- _WHAT YOU ARE ASKED TO DO_
Give back, exactly and with nothing added, the lines that run from the one containing "Immunofluorescence - MUC16" to the final line below.

Stored dataset items:
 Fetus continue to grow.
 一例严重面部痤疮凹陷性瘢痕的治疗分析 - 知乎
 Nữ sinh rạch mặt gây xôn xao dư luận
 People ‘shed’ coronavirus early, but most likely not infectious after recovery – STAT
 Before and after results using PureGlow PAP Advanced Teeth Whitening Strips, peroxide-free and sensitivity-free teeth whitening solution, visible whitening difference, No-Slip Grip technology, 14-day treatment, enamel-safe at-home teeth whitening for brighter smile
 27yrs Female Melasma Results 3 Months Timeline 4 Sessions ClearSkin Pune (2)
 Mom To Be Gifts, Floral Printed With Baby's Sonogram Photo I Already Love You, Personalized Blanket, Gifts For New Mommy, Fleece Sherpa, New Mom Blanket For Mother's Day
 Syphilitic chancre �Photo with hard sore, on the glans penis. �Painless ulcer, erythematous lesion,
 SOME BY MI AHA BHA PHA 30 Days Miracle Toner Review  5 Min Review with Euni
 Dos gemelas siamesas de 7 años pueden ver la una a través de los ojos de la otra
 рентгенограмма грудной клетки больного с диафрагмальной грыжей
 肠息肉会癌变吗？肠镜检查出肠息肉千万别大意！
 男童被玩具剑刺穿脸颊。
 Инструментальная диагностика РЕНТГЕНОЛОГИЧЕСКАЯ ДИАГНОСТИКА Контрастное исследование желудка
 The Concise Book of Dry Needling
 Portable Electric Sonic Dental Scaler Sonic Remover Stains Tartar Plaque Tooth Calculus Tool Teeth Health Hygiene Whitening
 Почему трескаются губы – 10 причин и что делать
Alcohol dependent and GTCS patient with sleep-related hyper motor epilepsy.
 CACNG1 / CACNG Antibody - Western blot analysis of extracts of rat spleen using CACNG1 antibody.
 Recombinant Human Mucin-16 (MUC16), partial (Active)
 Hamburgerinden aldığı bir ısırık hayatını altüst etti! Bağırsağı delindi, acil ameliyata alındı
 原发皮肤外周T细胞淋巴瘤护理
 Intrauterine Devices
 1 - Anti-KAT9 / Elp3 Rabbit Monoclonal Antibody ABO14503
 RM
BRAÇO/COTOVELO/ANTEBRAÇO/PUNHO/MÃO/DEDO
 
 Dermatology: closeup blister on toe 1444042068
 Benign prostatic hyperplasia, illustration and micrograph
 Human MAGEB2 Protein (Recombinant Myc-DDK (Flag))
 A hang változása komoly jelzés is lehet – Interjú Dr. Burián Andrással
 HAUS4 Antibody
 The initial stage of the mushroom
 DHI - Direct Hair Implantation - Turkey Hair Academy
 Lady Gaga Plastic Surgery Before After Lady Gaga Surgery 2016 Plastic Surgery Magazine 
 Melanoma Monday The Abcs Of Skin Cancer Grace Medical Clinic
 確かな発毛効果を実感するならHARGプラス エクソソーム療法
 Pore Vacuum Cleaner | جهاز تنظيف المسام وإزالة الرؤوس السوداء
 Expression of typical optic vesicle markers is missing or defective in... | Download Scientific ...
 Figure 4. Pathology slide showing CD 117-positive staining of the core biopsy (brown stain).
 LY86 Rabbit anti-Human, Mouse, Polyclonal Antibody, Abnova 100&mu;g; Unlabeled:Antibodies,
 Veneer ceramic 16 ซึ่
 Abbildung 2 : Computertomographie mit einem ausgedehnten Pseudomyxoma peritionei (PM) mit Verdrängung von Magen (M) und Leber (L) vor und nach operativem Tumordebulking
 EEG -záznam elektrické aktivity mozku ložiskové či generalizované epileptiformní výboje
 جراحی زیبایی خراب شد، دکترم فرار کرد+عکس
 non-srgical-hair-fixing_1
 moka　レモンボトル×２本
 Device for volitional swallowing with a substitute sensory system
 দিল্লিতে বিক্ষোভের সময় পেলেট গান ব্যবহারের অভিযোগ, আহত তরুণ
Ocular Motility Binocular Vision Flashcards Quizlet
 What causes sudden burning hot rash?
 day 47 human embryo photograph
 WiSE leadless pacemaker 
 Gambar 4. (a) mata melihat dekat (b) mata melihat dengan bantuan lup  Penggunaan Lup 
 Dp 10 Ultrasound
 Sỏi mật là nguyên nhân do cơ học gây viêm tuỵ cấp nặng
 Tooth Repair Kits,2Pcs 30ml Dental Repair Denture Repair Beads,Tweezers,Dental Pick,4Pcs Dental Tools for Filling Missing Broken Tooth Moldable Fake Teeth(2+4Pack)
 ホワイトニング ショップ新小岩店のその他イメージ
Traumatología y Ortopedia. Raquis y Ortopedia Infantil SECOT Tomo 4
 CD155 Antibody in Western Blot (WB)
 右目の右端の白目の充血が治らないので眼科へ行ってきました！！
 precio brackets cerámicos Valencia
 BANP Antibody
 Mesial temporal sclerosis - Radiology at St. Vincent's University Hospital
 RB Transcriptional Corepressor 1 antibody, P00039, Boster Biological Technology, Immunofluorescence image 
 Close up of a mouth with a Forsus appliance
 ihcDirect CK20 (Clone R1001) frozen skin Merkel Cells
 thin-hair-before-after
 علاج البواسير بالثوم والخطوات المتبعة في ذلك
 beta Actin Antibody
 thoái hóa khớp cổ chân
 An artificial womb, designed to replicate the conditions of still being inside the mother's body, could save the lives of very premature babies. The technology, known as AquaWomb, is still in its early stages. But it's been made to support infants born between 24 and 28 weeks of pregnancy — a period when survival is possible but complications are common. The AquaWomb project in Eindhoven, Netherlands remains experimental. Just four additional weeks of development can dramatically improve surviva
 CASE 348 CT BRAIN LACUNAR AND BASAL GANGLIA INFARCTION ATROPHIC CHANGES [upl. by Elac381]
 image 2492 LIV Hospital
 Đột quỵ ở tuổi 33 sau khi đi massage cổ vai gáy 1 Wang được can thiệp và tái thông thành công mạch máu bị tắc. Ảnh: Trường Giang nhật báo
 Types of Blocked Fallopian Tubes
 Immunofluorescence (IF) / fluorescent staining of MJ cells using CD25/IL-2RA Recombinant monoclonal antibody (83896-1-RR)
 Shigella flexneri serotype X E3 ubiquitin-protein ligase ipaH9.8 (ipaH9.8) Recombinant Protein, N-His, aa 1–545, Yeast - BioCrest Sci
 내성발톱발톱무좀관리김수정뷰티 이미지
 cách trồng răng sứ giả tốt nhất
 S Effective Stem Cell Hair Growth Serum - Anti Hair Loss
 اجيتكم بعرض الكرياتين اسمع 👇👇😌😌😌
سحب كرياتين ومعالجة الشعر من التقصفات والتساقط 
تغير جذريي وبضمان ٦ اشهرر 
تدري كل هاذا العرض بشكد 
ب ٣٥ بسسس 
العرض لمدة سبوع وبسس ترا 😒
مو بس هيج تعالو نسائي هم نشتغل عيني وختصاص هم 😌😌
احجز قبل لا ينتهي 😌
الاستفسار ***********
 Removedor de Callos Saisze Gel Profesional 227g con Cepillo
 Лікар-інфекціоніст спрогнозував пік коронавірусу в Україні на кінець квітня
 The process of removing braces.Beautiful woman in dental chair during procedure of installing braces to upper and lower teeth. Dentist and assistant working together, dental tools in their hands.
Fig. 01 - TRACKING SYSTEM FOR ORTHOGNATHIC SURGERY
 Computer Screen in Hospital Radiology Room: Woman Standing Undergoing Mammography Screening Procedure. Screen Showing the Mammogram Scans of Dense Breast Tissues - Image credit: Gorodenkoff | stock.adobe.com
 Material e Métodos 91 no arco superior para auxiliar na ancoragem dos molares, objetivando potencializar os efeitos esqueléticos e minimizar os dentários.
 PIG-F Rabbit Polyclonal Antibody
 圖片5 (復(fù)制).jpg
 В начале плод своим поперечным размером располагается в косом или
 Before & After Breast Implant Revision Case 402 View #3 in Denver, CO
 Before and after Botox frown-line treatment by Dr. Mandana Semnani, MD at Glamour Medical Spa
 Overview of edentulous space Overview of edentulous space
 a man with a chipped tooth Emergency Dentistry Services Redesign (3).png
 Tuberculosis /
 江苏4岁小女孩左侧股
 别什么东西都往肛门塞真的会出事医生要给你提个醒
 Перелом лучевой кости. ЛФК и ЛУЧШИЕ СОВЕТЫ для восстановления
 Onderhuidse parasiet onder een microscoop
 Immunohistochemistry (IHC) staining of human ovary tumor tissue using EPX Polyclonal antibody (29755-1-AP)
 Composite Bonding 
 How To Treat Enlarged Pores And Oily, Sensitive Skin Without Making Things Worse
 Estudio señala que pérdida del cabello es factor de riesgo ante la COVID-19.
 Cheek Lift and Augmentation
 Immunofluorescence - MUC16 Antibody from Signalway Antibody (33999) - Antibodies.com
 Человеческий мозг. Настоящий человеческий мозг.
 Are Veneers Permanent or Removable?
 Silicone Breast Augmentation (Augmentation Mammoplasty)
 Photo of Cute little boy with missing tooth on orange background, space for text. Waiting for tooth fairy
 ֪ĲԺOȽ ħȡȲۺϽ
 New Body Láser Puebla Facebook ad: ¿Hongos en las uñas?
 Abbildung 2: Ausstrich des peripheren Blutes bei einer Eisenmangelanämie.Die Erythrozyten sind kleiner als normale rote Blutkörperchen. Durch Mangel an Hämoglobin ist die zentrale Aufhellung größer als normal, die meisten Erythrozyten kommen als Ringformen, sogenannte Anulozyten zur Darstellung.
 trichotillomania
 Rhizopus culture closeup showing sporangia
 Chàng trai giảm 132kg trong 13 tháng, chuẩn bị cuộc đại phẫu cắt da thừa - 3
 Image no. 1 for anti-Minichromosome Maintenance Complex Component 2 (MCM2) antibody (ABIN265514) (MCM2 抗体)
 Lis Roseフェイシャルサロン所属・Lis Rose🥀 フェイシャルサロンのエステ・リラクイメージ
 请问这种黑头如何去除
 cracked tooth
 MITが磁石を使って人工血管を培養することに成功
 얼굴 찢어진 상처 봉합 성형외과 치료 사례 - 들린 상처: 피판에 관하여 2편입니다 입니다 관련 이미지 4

- _SOLUTION TO THE PROBLEM_
 Immunofluorescence - MUC16 Antibody from Signalway Antibody (33999) - Antibodies.com
 Человеческий мозг. Настоящий человеческий мозг.
 Are Veneers Permanent or Removable?
 Silicone Breast Augmentation (Augmentation Mammoplasty)
 Photo of Cute little boy with missing tooth on orange background, space for text. Waiting for tooth fairy
 ֪ĲԺOȽ ħȡȲۺϽ
 New Body Láser Puebla Facebook ad: ¿Hongos en las uñas?
 Abbildung 2: Ausstrich des peripheren Blutes bei einer Eisenmangelanämie.Die Erythrozyten sind kleiner als normale rote Blutkörperchen. Durch Mangel an Hämoglobin ist die zentrale Aufhellung größer als normal, die meisten Erythrozyten kommen als Ringformen, sogenannte Anulozyten zur Darstellung.
 trichotillomania
 Rhizopus culture closeup showing sporangia
 Chàng trai giảm 132kg trong 13 tháng, chuẩn bị cuộc đại phẫu cắt da thừa - 3
 Image no. 1 for anti-Minichromosome Maintenance Complex Component 2 (MCM2) antibody (ABIN265514) (MCM2 抗体)
 Lis Roseフェイシャルサロン所属・Lis Rose🥀 フェイシャルサロンのエステ・リラクイメージ
 请问这种黑头如何去除
 cracked tooth
 MITが磁石を使って人工血管を培養することに成功
 얼굴 찢어진 상처 봉합 성형외과 치료 사례 - 들린 상처: 피판에 관하여 2편입니다 입니다 관련 이미지 4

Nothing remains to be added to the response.